2) I felt vulnerable and didn't want to go on being a target.
Aaron Agassi was 6'4” and burly. I am 5'8” and rather willowy, to put it kindly. I was physically frightened and I felt exposed already by his gaze. I did not want to expose myself further-having been stared at so intimidatingly, what I wanted was not to be looked at. Anybody who knows me will tell you that this is wildly out of character for me. I revel in readings and panels. I think that what I have to say is dynamic and interesting and everybody damn well should shut up and pay attention to me. The fact that I wanted to be invisible is a measure of how threatening this gaze was. I didn't want to have to fight with assholes like herma_s in comment threads; I didn't want my newly reaffirmed sense of reality shaken by some asshole telling me that Agassi was just socially awkward or whatever.
3) (I think this one is most important) What I wanted most of all was for this not to have happened.

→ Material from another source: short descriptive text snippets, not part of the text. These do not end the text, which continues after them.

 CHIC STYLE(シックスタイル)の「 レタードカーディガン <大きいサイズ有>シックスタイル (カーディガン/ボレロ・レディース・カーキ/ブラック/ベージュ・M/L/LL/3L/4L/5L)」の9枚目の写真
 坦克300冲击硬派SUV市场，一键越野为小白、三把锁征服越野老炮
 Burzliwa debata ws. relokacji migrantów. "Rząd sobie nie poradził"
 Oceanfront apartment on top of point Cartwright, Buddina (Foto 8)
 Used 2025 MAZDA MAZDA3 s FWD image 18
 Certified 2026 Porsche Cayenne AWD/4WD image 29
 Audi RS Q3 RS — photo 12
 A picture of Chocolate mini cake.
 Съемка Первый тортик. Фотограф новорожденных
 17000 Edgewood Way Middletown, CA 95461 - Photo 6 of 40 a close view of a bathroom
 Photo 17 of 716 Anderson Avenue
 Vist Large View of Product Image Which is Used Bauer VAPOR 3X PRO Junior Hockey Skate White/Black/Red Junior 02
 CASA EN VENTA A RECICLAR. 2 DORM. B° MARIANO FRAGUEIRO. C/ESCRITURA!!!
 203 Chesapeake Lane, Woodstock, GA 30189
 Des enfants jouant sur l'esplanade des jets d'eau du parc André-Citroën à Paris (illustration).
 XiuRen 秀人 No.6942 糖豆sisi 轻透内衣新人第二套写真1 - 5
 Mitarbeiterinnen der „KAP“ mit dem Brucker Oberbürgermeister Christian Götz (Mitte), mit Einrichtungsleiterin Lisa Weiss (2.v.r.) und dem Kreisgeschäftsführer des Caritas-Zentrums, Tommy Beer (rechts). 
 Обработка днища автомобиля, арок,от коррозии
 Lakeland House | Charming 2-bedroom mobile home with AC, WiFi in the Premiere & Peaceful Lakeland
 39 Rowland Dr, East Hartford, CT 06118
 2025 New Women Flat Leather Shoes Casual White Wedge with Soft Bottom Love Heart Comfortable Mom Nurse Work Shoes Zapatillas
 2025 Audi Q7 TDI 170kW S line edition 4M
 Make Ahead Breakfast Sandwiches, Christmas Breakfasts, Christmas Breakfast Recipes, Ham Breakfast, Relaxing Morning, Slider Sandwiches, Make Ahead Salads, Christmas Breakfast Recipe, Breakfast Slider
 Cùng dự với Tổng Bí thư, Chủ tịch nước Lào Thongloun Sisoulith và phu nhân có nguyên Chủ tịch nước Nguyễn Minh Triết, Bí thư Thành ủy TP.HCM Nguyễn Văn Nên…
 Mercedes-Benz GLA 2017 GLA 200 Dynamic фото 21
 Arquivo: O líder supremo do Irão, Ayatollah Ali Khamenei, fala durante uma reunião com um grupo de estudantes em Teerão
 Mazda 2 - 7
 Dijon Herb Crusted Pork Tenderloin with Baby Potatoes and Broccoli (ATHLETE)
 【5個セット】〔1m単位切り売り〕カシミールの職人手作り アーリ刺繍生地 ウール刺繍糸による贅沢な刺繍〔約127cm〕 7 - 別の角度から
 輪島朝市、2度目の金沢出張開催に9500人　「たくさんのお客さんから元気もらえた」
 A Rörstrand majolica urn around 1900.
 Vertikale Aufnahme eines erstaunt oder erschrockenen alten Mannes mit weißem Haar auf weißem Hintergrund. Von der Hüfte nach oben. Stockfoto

I wanted the experience erased, gone, out of my life. I wanted a life without Aaron Agassi in it, I wanted a world in which I had not experienced sexual harassment, in which I did not feel threatened. And going public would have prevented me from returning to that world; it would have prolonged my stay in the land of sexual harassment. I didn't want to think about it any longer, I didn't want to talk about it any longer, I just wanted it gone and over. I had felt targeted already at the con; I didn't want other people to see me and think “that's the sexual harassment girl.” I didn't want that to be who I was, to be singled out all over again.
I know-I KNOW that there have been experiences of sexual harassment that women have not gone public with, maybe for the same reasons as me, maybe for entirely different reasons. I'm going to enable anonymous comments on this post and leave it unlocked, and if anybody wants to post about an experience they had and didn't go public with-or did go public with, that they reported or didn't (and the effects of reporting it), well, here is a place to talk about that, and to talk about the forces that keep women quiet.
And let me say this about this post: I am not usually into safe spaces. But this post is an environment in which we give the benefit of the doubt to women reporting harassment, not to the men targeting them. This is not a place where we feel sorry for “socially awkward” men (all too often men who are fully aware of the boundaries they’re violating and are trying to avoid blame), or ask whether she said/wore anything that could have been “misinterpreted.” This is not a place where we expect women to put the emotional welfare and status of a man who is violating their boundaries ahead of their own emotional welfare and safety. Nor is this a place where we castigate women for “gossip.” Gossip is how disenfranchised people communicate information that the dominant group does not want them to know. Nor do we laugh things off with “Oh, that's just Joe being Joe!” Joe can shut up and be somebody else if harassing women is part of his identity. And if you feel the need to be or defend Joe, I will either delete your comment or let it hang out there in space showing everybody what an ass you're being and freeze the replies.
As far as I'm concerned, you're welcome to name names.